Continuing on the theme of “lowlife authenticity,” Phil Johnson has a great post on that subject this morning.
When anyone takes a shot at this foolishness, the cry usually goes up that conservative Christians are sticking their heads in the sand, need to get a clue, and learn to get out of their pious shell. We need to learn, apparently, how to be relevant while living in the contemporary culture. But it is funny that nobody urges church members to greater relevance by, say, shopping at WalMart. That’s contemporary.
The problem with the advocates of lowlife authenticity is not that they want us to be relevant. The problem is that they do not know what it means to actually be relevant. The relevance of contemporary cool is an evanescent thing. C.S. Lewis once said that whatever is not eternal is eternally out of date. What is currently in according to the dogmas of cool will have, on average, a shelf life of three days.

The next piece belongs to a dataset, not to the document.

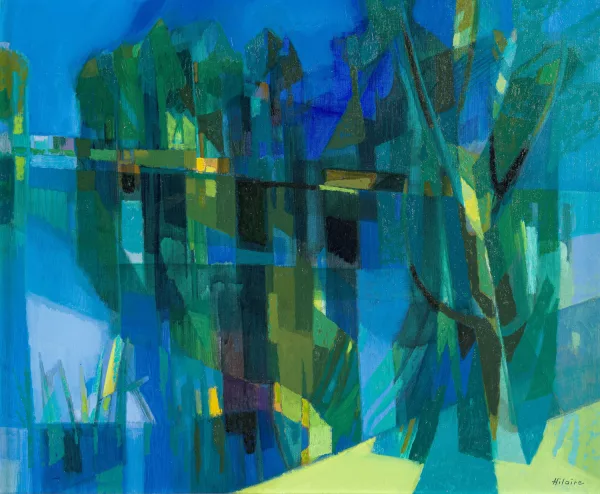Camille Hilaire — L'étang",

So the problem is an almost serene lack of awareness of the forces that are driving them. The issue is not this artifact or that one. The issue is that these lockstep rebels have no idea that they are wearing uniforms. And the pretentiousness of these folks — the movie will be The Attack of the Clone Rebels — prevents them from seeing that what they mostly do, all day long, is conform, adapt, copy, mimic, and submit — all in the name of striking a blow for individuality and the rebel soul. Somebody needs to tell these people that the rebel soul is three hundred years old and now qualifies as a geezer. Just imagine this for a thought experiment, one that will illustrate all the principles involved — walk up to a young lady with her eyebrow pierced and say, “Ooo! What an outrageous idea! However did you think of it?”